However, having said that, people can wildly overpay for bathrooms and kitchens. I recently rehabbed a house. It had two baths--one that needed to be gutted but nothing moved around. The other not only needed to be gutted, but things moved around, concrete jackhammered to put in a drain line, etc. The cost per bath was about $7,500.

As for the kitchen, we gutted that, ran new wiring, installed new lighting, moved wall switches around, put in all new cabinets, countertops, appliances, etc. We even had to move a wall. The cost was about $17,000. And we certainly could have done it cheaper.

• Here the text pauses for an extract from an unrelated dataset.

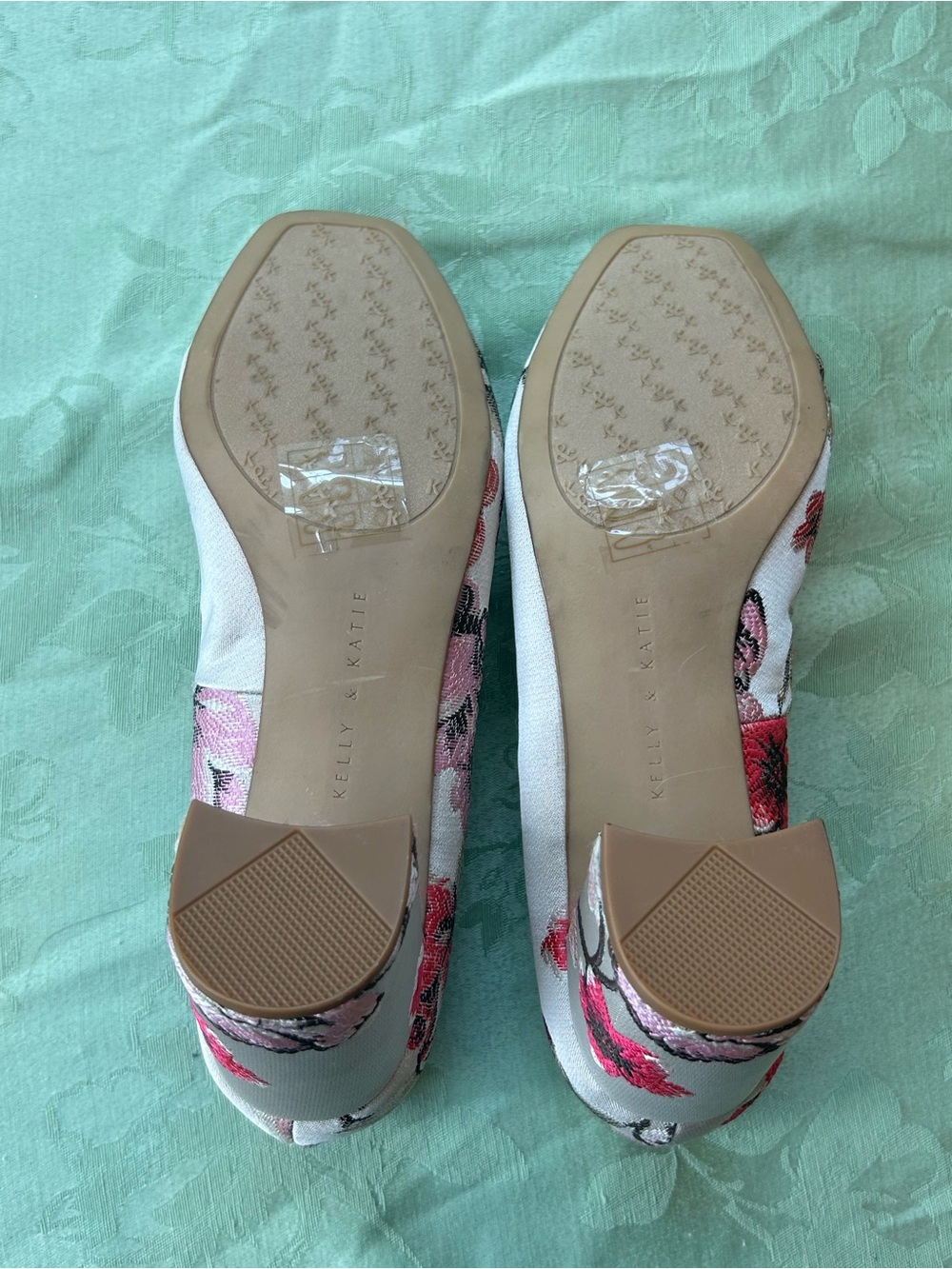 Kelly & Katie Pink Floral Heels - Picture 3 of 5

Incidentally, the house I rehabbed sounds about like yours. It was built in 1950, and the previous owners had put in one of those baths around 1980. So--if you really proceed carefully, get multiple bids, check out your contractors, and so on--I would expect you could do what you're trying to do for about what it cost us.

Hope that helps.
0 votes Thank Flag Link Thu Apr 10, 2014
Don Tepper, Real Estate Pro in Fairfax, VA
You are potentially looking at essentially starting from scratch. The building inspector may require that the walls be opened to inspect wiring, plumbing, etc. In addition to the advice you've already received, I recommend finding a contractor that has a good working relationship with the local building inspector. That may be your best bet to get an understanding of the potential scope of the project and exactly what may be required to get the home in compliance.

When dealing with the building inspector it's important to convey that you are not the one who created the issue, but that you are trying to correct the problem in the proper manner.

Good luck!
0 votes Thank Flag Link Thu Apr 10, 2014
The best thing to do is get a contractor in to give you a quote.
0 votes Thank Flag Link Thu Apr 10, 2014
It can really vary wildly. It would depend on how out of code the kitchen & bath are. You should have a licensed contractor take a look and give you a proper estimate then have them estimate on the high side to cover any unexpected findings that may crop up in the course of correcting the un-permitted work. Another issue you may have is with your home insurance in case there is a problem before or during the work. You should go over this potential with your insurance agent too in addition to working the proper wording into any offer/contract with your own attorney.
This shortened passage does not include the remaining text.